Exercise directions —
Write back every record verbatim.

Extracted information —
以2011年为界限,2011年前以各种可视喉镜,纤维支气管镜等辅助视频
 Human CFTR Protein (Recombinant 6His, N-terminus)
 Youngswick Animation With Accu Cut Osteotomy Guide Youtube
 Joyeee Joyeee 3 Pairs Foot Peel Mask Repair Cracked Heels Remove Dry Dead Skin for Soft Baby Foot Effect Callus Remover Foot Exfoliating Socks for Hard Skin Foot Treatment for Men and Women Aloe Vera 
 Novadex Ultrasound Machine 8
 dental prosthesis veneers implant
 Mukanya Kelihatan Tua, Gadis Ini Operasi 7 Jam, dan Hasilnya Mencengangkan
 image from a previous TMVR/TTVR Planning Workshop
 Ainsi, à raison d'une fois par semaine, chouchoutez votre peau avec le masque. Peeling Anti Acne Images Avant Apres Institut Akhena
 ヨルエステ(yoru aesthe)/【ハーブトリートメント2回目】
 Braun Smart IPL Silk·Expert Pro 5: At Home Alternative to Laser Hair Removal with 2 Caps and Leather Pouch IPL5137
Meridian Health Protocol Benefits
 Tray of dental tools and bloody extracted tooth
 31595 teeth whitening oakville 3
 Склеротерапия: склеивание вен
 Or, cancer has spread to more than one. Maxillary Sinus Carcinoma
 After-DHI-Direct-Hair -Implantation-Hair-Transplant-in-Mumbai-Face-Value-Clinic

Solution for this task —
以2011年为界限,2011年前以各种可视喉镜,纤维支气管镜等辅助视频
 Human CFTR Protein (Recombinant 6His, N-terminus)
 Youngswick Animation With Accu Cut Osteotomy Guide Youtube
 Joyeee Joyeee 3 Pairs Foot Peel Mask Repair Cracked Heels Remove Dry Dead Skin for Soft Baby Foot Effect Callus Remover Foot Exfoliating Socks for Hard Skin Foot Treatment for Men and Women Aloe Vera 
 Novadex Ultrasound Machine 8
 dental prosthesis veneers implant
 Mukanya Kelihatan Tua, Gadis Ini Operasi 7 Jam, dan Hasilnya Mencengangkan
 image from a previous TMVR/TTVR Planning Workshop
 Ainsi, à raison d'une fois par semaine, chouchoutez votre peau avec le masque. Peeling Anti Acne Images Avant Apres Institut Akhena
 ヨルエステ(yoru aesthe)/【ハーブトリートメント2回目】
 Braun Smart IPL Silk·Expert Pro 5: At Home Alternative to Laser Hair Removal with 2 Caps and Leather Pouch IPL5137
Meridian Health Protocol Benefits
 Tray of dental tools and bloody extracted tooth
 31595 teeth whitening oakville 3
 Склеротерапия: склеивание вен
 Or, cancer has spread to more than one. Maxillary Sinus Carcinoma
 After-DHI-Direct-Hair -Implantation-Hair-Transplant-in-Mumbai-Face-Value-Clinic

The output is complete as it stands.